Bebin dochtareh tsjeh chosjhal-eh keh pesareh michod savaresj koneh,’ riep een oma, die de hele dag in het huis rondhing en zelfs binnen haar sjaal droeg.

Ik had het maar half verstaan en keek naar de neef voor een vertaling. 

‘Ze zegt dat je er heel blij uitziet, dat hij je komt ophalen.’

Ik kreeg een kop als een boei.

‘Mannen uit Tabriz ranselen hun vrouwen af,’ waarschuwde een nichtje beslist, alvorens een harten zeven en toen een harten vijf op te leggen.

‘Doe je wel voorzichtig?’ vroeg een oom bezorgd na het opleggen van een harten twee. ‘Straks gebruikt hij je om een Nederlands paspoort te krijgen.’

‘Heel eerlijk gezegd,’ en ik legde een joker op, ‘lijkt het me waarschijnlijker dat ik hèm ga gebruiken om naar Iran te verhuizen.’

Het gezelschap begon te lachen, en de neef pakte mokkend zeven kaarten van de stapel.

Zo nu en dan nam ik het taximeisje mee uit wandelen door de compound. Ze was langsgekomen om wat tijd door te brengen met haar familie. Bovendien moest ze van haar moeder – volgens de anderen, grofweg vertaald, een ‘takkewijf’ – een paar kilo afvallen. Dat zou echter lastig blijken, want niemand verliet ooit het huis. Daarbij stond de zitkamer vol schalen koek, chips en vruchten, waar zij absolúút niet van mocht eten. Ook werd tweemaal daags een bourgondische maaltijd van rijst en vlees geserveerd waar geen groente aan te pas kwam, afgezien van een klein schaaltje olijven gemarineerd in granaatappelstroop. De twijfelachtige tactiek van het gezin om het meisje te steunen in haar strijd tegen het vet, leek vooral het zo vaak mogelijk benadrukken van hoe dik ze wel niet was.

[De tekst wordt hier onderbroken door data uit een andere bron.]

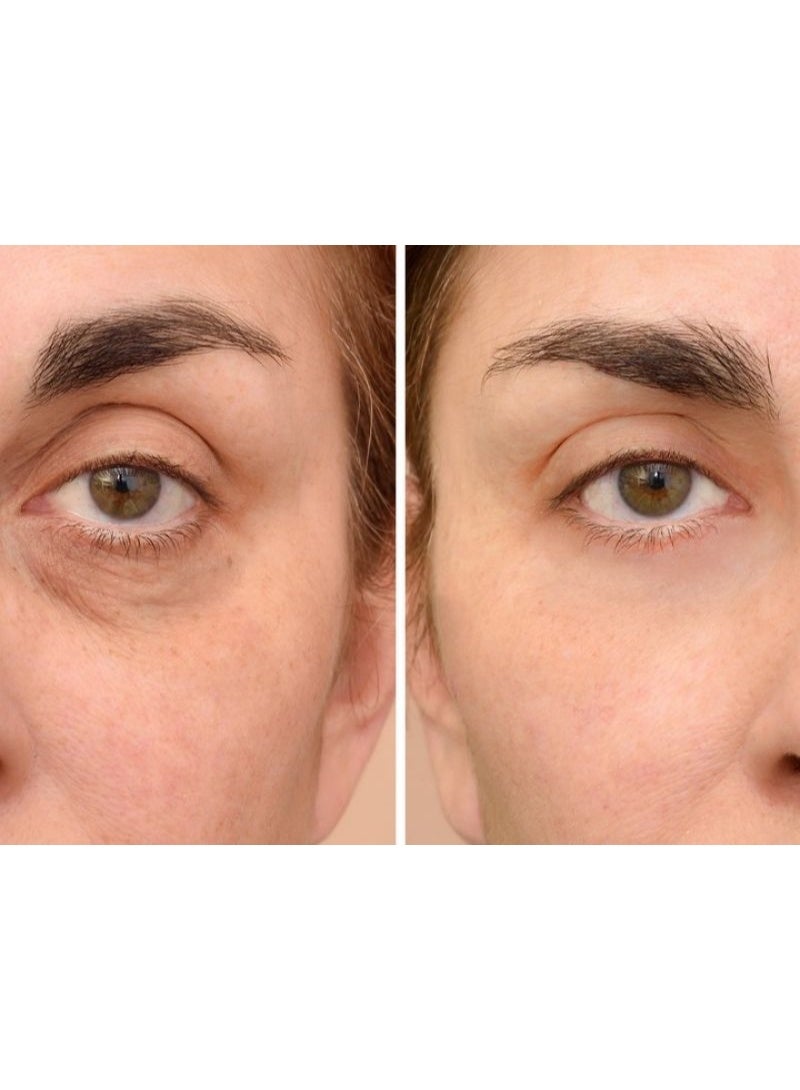 مستحضرات أيزل كريم ريتينول وفيتامين سي تحت العين للهالات السوداء للنساء والرجال | كريم لإزالة الهالات السوداء | كريم للهالات السوداء حول العين | كريم للهالات السوداء والتجاعيد والانتفاخات حول العين | 30 غرام - Image 4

Ik sloeg mijn sjaal om – zij hoefde niet; zij was nog jong – en stapte met het taximeisje door de met palmen en marmeren fonteintjes bezaaide voortuin naar buiten. We bleven even staan om de gevel van het huis te bewonderen. De neoclassicistische colonnades, krullerige voluten en marmeren trap werden druk verbouwd. Althans, dat was het idee toen de familie een team timmerlieden inhuurde. Nu stonden dezen in de schaduw van een palmboom te roken. ‘Het is toch veel te warm om te werken?’ riepen ze op een toon alsof dat toch vanzelfsprekend was, toen de heer des huizes met een kloppende ader in het voorhoofd verhaal kwam halen. 

Inmiddels waren het meisje en ik doorgelopen naar het strand, op een afstand gevolgd door een zwart-witgevlekte poes. Daar, met mijn enkels in de grijze golven, onder het bewolkte hemeldek, besloot ik dat het tijd was om verder te gaan. Die avond zou ik een taxi nemen naar een ander pittoresk stadje aan de Kaspische Zee. 

Het taximeisje zou me naroepen: ‘Wees voorzichtig, Caroline!’